CLI
QuickStart
Before using Gleaner, not that Gleaner does have one prerequisit in the form of an accessible S3 compliant object store. This can be AWS S3, Google Cloud Storage or others. Also, there is the open source and free Minio object store which is used in many of the examples in GleanerIO.
Once you have the object store running and ready you are ready to run Gleaner. Pull down the release that matches your ssysem from version 3.0.4. Below is an example of pulling this down for a Linux system on ADM64 architecture.
wget https://github.com/gleanerio/gleaner/releases/download/v3.0.4-dev/gleaner-v3.0.4-dev-linux-amd64.tar.gz
You will need a configuration file and an example such file can be found in the resources directory. See also the config file in the Gleaner Config page.
You can set the values in this configuration file. However, you can leave the Minio value empty and pass then via environment variables. This sort of approach can work better in some orchestration environments or just be a safer approach to managing these keys.

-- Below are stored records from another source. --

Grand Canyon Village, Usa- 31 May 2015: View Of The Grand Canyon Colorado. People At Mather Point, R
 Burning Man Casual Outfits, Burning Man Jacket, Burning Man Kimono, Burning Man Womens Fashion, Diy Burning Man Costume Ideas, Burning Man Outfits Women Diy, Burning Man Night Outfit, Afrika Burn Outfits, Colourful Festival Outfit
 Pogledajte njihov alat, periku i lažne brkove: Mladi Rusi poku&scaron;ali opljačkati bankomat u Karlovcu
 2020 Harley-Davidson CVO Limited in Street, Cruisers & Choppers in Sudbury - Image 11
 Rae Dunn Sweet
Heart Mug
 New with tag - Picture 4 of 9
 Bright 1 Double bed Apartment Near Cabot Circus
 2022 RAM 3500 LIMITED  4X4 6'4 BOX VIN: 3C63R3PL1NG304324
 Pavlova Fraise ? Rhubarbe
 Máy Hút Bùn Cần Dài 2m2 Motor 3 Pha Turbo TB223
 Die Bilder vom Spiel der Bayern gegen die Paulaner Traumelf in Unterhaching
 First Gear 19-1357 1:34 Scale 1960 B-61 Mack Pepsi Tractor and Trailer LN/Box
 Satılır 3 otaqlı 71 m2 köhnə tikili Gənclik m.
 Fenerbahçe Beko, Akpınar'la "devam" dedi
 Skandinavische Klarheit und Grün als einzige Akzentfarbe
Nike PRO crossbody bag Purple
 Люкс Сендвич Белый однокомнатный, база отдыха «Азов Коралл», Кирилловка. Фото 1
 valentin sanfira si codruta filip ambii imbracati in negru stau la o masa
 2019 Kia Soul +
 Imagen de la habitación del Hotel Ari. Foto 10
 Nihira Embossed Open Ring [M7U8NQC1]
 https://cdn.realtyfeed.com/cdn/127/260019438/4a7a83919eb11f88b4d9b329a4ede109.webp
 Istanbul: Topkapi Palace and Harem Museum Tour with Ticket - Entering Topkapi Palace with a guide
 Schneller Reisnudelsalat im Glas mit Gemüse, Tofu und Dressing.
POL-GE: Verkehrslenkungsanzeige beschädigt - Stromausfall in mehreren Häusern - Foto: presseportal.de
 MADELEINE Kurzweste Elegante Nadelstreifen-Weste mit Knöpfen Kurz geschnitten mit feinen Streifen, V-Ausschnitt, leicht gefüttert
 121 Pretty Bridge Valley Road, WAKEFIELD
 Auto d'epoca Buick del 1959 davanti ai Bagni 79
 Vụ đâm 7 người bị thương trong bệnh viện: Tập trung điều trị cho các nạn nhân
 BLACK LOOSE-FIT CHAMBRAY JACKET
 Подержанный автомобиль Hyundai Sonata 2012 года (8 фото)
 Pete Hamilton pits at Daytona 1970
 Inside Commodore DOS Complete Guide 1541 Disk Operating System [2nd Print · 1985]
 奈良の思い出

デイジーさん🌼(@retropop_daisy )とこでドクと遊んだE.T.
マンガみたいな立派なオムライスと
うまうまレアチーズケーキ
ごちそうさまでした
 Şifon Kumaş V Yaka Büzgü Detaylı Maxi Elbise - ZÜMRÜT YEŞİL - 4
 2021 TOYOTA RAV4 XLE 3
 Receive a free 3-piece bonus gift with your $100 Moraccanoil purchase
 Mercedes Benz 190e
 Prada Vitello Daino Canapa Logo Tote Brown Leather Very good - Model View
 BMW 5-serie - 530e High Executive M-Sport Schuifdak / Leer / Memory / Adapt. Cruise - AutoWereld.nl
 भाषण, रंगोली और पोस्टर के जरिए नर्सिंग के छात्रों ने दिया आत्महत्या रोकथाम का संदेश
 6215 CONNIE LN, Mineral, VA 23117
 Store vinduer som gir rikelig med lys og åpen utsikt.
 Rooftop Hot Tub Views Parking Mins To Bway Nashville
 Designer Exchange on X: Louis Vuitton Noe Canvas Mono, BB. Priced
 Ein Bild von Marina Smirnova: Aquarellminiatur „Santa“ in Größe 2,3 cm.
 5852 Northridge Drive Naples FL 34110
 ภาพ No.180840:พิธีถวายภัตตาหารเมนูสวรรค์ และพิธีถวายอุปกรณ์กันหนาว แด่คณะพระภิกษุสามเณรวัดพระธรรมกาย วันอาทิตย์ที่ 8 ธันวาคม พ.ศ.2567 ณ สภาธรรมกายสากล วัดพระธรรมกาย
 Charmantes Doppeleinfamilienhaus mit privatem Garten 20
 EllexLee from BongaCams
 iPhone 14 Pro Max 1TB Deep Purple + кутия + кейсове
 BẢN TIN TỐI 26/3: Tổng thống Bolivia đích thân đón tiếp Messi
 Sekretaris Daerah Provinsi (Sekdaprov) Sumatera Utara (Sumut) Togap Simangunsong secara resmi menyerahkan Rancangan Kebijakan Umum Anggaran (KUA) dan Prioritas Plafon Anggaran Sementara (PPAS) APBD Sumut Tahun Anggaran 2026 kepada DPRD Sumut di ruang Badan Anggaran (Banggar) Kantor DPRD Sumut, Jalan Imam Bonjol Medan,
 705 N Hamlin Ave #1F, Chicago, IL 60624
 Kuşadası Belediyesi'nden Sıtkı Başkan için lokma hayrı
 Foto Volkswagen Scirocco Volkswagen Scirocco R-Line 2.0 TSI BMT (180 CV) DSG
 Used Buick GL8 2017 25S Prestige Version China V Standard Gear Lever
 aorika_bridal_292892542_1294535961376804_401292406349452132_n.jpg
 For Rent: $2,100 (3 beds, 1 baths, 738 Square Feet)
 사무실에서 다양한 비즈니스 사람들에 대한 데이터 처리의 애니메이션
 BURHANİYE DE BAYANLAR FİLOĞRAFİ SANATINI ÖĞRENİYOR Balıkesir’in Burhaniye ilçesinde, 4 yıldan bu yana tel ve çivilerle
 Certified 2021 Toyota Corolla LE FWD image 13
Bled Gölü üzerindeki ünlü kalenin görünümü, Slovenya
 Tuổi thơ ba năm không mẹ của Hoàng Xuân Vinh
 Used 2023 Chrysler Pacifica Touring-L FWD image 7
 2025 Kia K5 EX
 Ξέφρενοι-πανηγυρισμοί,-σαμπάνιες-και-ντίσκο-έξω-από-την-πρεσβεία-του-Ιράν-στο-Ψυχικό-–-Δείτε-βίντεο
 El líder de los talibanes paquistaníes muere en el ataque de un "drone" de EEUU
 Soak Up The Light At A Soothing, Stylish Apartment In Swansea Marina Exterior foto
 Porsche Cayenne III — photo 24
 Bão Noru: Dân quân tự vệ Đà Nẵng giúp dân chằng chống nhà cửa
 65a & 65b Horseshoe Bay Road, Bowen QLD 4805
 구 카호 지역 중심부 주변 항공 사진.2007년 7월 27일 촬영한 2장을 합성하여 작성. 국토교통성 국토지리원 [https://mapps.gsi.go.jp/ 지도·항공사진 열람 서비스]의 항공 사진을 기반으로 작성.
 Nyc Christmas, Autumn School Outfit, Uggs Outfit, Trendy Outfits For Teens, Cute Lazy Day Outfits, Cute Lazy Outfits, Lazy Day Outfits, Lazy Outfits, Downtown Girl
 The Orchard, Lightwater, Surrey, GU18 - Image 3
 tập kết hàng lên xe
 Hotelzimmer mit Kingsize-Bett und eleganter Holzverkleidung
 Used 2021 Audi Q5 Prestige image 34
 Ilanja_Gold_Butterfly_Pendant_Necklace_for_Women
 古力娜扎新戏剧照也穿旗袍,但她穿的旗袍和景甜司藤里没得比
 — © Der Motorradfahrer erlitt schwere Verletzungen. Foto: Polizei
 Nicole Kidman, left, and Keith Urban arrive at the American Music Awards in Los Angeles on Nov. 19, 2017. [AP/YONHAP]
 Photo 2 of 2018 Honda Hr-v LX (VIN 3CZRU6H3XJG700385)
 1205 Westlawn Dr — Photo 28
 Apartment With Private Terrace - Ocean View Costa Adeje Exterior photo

export MINIO_ADDRESS=localhost
export MINIO_PORT=9000
export MINIO_USE_SSL=false
export MINIO_ACCESS_KEY=KEYVALUE
export MINIO_SECRET_KEY=SECRETVALUE
export MINIO_BUCKET=mybucket
With those set and your configuration file in palce you can run Gleaner with
./gleaner -cfg gleanerconfig.yaml --source nameFromCfgFile -rude
EarthCube Gleaner
Usage of /tmp/go-build589932266/b001/exe/main:
-cfg string
Configuration file (can be YAML, JSON) Do NOT provide the extension in the command line. -cfg file not -cfg file.yml (default "config")
-log string
The log level to output (trace | debug | info | warn | error | fatal) (default "warn")
-mode string
Set the mode (full | diff) to index all or just diffs (default "full")
-rude
Ignore any robots.txt crawl delays or allow / disallow statements
-setup
Run Gleaner configuration check and exit
-source string
Override config file source(s) to specify an index target